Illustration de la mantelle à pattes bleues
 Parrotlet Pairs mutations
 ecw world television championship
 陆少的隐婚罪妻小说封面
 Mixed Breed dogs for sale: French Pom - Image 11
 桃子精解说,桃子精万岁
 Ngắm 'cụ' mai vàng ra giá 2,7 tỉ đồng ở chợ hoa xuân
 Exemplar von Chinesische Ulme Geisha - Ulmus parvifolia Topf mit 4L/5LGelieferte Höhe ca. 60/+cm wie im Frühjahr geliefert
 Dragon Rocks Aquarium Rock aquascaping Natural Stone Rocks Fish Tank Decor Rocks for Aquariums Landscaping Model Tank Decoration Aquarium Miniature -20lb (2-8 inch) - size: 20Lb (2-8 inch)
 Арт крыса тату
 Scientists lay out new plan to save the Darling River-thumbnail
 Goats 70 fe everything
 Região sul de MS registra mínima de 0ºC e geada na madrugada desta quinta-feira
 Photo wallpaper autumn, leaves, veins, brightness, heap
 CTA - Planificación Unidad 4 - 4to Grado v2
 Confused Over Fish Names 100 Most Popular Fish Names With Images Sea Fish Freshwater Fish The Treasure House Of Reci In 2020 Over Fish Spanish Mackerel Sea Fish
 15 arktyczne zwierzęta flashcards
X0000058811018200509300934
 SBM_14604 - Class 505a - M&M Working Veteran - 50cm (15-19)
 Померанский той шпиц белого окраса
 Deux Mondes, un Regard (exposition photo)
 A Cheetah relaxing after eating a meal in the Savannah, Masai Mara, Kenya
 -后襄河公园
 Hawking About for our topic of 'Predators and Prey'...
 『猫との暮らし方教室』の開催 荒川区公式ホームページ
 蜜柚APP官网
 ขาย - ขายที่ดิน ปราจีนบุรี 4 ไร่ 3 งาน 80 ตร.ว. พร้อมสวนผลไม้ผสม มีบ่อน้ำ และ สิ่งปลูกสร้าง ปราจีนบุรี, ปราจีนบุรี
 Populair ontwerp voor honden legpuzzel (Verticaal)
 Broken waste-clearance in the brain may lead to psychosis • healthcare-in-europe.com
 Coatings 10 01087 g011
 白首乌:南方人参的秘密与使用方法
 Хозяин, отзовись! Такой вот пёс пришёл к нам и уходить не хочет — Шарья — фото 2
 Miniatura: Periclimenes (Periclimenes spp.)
####################
Print nothing but the lines from the line with "Populair ontwerp voor" to the last line of the records above. Both of those lines count.

Answer:
 Populair ontwerp voor honden legpuzzel (Verticaal)
 Broken waste-clearance in the brain may lead to psychosis • healthcare-in-europe.com
 Coatings 10 01087 g011
 白首乌:南方人参的秘密与使用方法
 Хозяин, отзовись! Такой вот пёс пришёл к нам и уходить не хочет — Шарья — фото 2
 Miniatura: Periclimenes (Periclimenes spp.)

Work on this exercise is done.